PROMPT:
Extract the first line through the line containing "Candeeiro suspenso Art" from the listing below, exactly as written.

Segment Start: GIVEN ENTRIES

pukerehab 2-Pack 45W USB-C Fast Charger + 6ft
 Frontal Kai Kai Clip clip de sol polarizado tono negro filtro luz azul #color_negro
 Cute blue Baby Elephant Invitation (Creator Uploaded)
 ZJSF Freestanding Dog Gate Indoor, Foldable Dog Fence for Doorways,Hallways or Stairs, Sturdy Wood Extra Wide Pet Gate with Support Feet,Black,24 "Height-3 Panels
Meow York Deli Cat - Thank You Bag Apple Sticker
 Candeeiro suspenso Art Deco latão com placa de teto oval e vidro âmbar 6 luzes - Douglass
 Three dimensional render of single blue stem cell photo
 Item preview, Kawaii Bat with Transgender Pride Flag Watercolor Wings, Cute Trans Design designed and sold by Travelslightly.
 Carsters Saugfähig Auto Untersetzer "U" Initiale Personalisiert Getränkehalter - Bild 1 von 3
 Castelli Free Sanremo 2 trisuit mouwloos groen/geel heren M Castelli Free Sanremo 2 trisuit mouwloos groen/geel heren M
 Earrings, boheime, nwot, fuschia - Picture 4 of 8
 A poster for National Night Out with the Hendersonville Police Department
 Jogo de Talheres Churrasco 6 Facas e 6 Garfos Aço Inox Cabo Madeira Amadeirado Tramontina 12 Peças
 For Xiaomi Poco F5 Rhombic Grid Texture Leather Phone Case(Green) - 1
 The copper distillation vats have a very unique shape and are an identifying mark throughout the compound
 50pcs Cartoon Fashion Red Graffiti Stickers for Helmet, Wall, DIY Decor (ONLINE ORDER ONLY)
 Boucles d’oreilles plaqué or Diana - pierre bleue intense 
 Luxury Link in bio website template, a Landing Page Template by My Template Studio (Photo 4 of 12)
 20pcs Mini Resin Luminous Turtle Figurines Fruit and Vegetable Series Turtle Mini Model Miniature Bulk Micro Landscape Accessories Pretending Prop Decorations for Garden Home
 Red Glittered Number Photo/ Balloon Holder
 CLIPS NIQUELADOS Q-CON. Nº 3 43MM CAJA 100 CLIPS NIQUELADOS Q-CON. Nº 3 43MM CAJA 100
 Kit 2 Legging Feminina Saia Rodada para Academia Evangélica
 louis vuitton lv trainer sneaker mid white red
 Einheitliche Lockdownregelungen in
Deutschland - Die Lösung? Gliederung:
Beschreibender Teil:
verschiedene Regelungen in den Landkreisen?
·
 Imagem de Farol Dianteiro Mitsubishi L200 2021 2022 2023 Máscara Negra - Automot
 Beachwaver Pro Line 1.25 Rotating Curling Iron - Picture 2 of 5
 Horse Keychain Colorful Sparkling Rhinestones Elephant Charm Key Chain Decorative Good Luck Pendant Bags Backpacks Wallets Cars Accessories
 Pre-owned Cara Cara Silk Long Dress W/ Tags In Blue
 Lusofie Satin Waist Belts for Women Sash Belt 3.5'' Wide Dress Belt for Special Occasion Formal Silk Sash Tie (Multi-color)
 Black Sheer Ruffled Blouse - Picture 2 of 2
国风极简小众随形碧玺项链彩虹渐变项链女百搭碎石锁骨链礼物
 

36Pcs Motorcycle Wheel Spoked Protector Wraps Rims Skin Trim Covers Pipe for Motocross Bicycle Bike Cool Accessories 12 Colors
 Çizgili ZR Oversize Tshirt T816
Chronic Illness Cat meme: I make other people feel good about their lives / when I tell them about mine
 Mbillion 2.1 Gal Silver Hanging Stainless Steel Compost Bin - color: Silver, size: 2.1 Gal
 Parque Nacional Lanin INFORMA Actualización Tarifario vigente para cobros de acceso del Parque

Segment End: GIVEN ENTRIES

ANSWER FOR THIS EXERCISE:
pukerehab 2-Pack 45W USB-C Fast Charger + 6ft
 Frontal Kai Kai Clip clip de sol polarizado tono negro filtro luz azul #color_negro
 Cute blue Baby Elephant Invitation (Creator Uploaded)
 ZJSF Freestanding Dog Gate Indoor, Foldable Dog Fence for Doorways,Hallways or Stairs, Sturdy Wood Extra Wide Pet Gate with Support Feet,Black,24 "Height-3 Panels
Meow York Deli Cat - Thank You Bag Apple Sticker
 Candeeiro suspenso Art Deco latão com placa de teto oval e vidro âmbar 6 luzes - Douglass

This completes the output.